For many years, David Sedaris yearned for fame. He didn't call it that, but a pleasant measure of fame was what he hoped for. He felt he was a nobody and he wanted to be somebody, somebody who was talked about and well known. Living in the age of celebrity, he was shut out.
He did not like obscurity, that quality movie stars often claim to desire. He thought wistfully of the time in the future when he might occasionally spot his own name in a magazine. While doing routine anonymous work, like decorating someone's apartment, he often listened to the radio interviews of Terry Gross on NPR's Fresh Air. Today, he admits to dreaming about being interviewed by Gross. He remembers well what it was like to be an unknown. It wasn't fun.
Today he can't imagine that there was anyone else who so badly wanted fame. For that reason or some other, he was miserable. He drank enough to qualify as an alcoholic, and did drugs as well. He considered suicide and wrote in his diary a list of reasons why life was (or perhaps could be) worth living. Finally, by good luck, he found a way to market his working life, his personality and his sense of humour.
He was on stage in an obscure Chicago club, reading excerpts from his diary, when Ira Glass of NPR heard him.
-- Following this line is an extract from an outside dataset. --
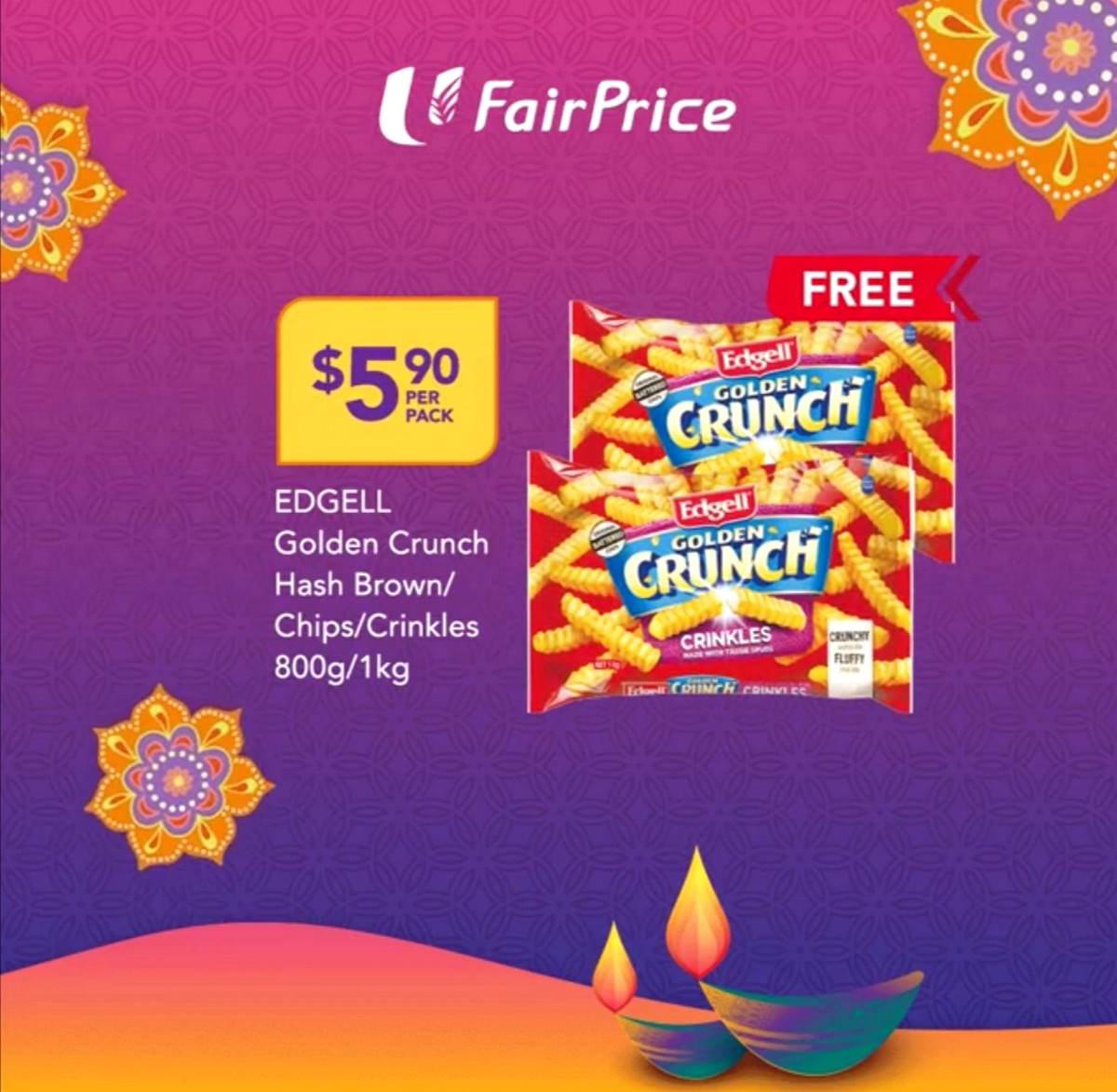 Screenshot_20201022_195735 22 Oct-18 Nov 2020: FairPrice Buy 1 Get 1 FREE to Light Up Your Deepavali Celebrations!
At that point, he said recently, "My life just changed completely, like someone waved a magic wand." Sedaris had briefly played an elf in Macy's department store at Christmas. His talk about that experience, Santaland Diaries, ran on NPR. In 1995, when Glass started his regular program, This American Life, he assigned Sedaris regular appearances. In almost no time Sedaris had a contract with Little Brown for his first book of collected stories and essays, some of which had appeared earlier in The New Yorker or Esquire. Eight books followed. Me Talk Pretty One Day won the Thurber Prize for American Humor. Naked won the Randy Shilts Award for Gay Nonfiction. Sedaris also has a Grammy for a comedy record. He and his sister, the actor Amy Sedaris, collaborate on writing plays.
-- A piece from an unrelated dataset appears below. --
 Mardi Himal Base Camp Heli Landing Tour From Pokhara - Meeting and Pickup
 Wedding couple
He continues to search his own life for unusual (and essentially comic) incidents. He is not above eccentricity. He is, for instance, a militant activist in anti-litter. When he's at home in Horsham, West Sussex (where he lives with his partner, Hugh Hamrick), he spends four or five hours every day patrolling the nearby highway, picking up trash that motorists have thrown from their cars.
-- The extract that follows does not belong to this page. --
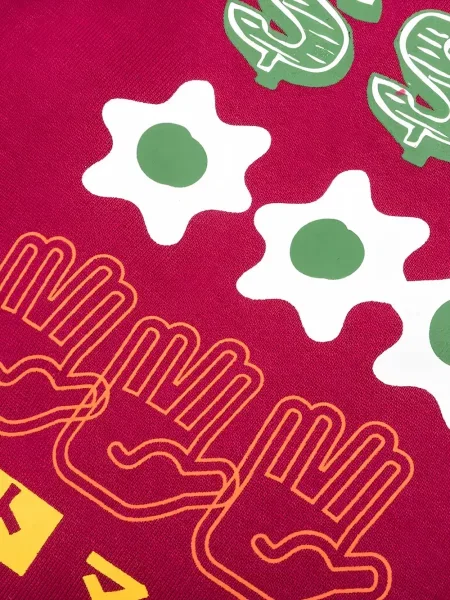 Spodnie dziecięce Billionaire Boys Club czerwone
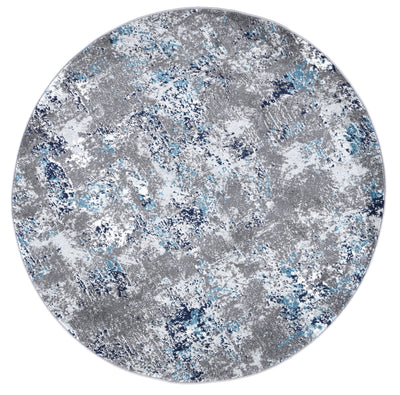 Ligures Grey Blue Rug 200X290cm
This devotion to his principles has been recognized by the Queen. Every year, she invites volunteer workers from across the kingdom to a garden party at Buckingham Palace. Recently Sedaris and Hamrick were there to be feted. Unfortunately, Sedaris noticed that a number of guests were placing empty ice-cream containers in planters or behind columns. Littering in the garden of Her Majesty! Sedaris was appalled.
In a recent interview (of course it was with Terry Gross) Sedaris was asked how his present life contrasted with the nobody's life he lived for so long. He now goes on tours across the continent where people line up to get his autograph on books they've just bought, he tells his stories on the BBC, he's delivered a convocation address at Princeton University. Was this acclaim, Gross asked him on air, what he had in mind all along? Of course, Sedaris said, this is exactly what he dreamt of from the beginning. It should happen just that way to every nobody.